Jake Arrieta is down for a good, old-fashioned donnybrook.
Arrieta was asked Tuesday during a radio interview about the huge brawl that took place between the Washington Nationals and San Francisco Giants on Monday at AT&T Park, and the Chicago Cubs pitcher gave the melee his full stamp of approval.
“I don’t think anybody is right or wrong. I thought it was awesome,” Arrieta told WSCR, according to ESPN.com. “Every once in a while, it’s refreshing to see two teams emotionally charged getting after it. And when something like that happens versus continuing to chirp and talk about it, why don’t you go out there and see somebody? That’s exactly what happened in the game (Monday).”
Monday’s fight began when Giants reliever Hunter Strickland plunked Nationals outfielder Bryce Harper with a 98-mph fastball, prompting the latter to charge the mound and the benches to empty. It was a big fight that seemingly stems from Harper homering twice off Strickland in the teams’ 2014 National League division series.

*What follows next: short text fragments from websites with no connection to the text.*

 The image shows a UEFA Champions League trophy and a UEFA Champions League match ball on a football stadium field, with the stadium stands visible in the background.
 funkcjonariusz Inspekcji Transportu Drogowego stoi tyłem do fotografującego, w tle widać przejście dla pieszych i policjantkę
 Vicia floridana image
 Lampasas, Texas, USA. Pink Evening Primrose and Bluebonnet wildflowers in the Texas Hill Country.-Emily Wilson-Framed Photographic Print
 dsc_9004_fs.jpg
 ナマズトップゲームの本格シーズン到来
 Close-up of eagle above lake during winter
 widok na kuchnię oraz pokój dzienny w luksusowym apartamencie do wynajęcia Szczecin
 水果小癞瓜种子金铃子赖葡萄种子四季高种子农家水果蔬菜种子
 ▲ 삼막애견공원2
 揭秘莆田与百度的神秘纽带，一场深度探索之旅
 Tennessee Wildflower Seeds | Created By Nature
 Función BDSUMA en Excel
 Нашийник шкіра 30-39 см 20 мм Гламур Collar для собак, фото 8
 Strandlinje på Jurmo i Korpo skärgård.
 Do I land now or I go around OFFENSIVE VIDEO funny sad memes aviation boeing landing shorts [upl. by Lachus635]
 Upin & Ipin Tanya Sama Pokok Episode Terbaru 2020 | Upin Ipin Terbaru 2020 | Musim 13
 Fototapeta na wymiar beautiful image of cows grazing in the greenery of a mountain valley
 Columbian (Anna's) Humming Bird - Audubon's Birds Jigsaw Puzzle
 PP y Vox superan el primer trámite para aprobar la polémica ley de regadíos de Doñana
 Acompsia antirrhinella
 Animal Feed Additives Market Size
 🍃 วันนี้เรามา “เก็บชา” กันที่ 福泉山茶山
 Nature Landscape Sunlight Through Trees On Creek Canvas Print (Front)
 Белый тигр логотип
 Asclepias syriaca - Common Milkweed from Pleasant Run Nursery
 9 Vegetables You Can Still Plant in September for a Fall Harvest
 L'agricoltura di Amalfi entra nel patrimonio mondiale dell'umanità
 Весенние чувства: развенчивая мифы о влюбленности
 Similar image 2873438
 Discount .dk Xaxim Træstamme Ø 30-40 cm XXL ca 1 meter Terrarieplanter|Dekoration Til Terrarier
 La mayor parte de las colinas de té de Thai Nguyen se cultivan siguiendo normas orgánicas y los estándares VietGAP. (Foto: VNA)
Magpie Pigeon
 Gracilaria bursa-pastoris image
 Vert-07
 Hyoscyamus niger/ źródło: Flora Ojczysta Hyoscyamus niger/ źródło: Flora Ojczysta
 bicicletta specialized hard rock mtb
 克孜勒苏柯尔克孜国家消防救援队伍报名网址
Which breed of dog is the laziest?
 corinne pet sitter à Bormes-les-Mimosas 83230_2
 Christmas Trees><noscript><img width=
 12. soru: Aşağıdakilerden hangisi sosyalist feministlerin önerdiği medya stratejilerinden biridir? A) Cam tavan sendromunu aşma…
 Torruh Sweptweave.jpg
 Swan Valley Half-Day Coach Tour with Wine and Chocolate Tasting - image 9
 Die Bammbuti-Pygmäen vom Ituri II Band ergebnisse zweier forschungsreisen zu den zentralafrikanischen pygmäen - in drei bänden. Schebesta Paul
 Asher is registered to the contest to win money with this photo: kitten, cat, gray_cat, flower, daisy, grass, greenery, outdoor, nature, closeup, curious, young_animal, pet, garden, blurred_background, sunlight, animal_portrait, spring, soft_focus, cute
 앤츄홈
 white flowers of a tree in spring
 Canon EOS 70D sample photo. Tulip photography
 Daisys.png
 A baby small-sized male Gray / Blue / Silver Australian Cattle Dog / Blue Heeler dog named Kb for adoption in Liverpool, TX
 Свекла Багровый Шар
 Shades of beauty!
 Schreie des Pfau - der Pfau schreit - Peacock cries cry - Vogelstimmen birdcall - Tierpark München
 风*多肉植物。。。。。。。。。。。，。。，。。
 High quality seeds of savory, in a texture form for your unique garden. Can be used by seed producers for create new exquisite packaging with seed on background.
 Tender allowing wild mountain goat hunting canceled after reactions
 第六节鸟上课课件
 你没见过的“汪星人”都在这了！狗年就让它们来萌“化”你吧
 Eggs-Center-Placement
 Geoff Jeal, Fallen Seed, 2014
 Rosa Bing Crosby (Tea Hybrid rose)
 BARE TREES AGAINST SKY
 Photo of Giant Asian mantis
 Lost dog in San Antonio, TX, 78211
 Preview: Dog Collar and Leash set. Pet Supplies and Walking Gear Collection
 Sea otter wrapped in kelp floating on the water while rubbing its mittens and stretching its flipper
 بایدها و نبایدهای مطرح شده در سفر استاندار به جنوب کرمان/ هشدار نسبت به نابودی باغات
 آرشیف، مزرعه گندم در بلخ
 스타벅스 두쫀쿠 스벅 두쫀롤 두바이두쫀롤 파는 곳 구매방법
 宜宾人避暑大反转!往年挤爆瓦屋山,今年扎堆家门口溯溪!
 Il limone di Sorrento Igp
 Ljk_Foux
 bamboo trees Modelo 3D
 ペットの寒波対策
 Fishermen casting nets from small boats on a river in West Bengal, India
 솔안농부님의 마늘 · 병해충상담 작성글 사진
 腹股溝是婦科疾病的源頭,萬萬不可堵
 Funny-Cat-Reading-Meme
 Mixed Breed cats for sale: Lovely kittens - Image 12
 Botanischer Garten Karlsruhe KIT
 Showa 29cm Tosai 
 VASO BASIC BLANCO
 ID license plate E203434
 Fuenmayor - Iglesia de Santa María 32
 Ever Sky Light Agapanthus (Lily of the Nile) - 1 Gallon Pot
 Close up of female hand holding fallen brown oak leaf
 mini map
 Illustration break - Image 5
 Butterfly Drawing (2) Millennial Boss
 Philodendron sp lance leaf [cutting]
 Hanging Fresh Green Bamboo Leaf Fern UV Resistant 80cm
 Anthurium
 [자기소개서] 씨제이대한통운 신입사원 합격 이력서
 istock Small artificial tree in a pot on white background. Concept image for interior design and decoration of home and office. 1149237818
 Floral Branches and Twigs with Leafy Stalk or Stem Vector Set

Strickland received a six-game suspension for his role in the fracas. Harper was slapped with a four-game ban.
While the subject of fights in Major League Baseball can be polarizing, especially given the unique nature of Monday’s altercation, Arrieta sees no issue in guys engaging in on-field fisticuffs to settle their differences.
“If two guys want to go see each other, let them be in the middle, let them throw some punches, then break it up,” Arrieta told WSCR, per ESPN.com. “I don’t like to see any sucker punches. I do think in the heat of battle if you’re getting hit on the hip with 98, then you should be able to go out and see somebody. I think the umpires handled it well. They let them exchange for a moment, then they tried to break it up.
“What I don’t like to see is a lot of chirping and guys just talking crap to each other. If you got something wrong with a guy, go see him. And then they’ll break it up and continue to play the game.”
All told, Arrieta also sounded like somewhat of a hardo when discussing the topic.
“If it’s my catcher, I want him to wait and give me an opportunity to do a little damage,” Arrieta said. “I don’t want it broken up right away. If it happens, I’ll let you know. I’ll be ready. You know, I like my chances toe-to-toe with just about anybody.
“I know (Cubs catcher) Willson (Contreras) would probably beat whoever charges the mound to the mound, but I’ll tell him and Miggy (Montero), ‘Hey, give me 10, 15 seconds to get some work in and then come out and see me.’ ”
According to Arrieta, he’s never been charged at any level while on the mound. Perhaps that will change if he keeps acting like he can take the world.
But nevertheless, his point still stands.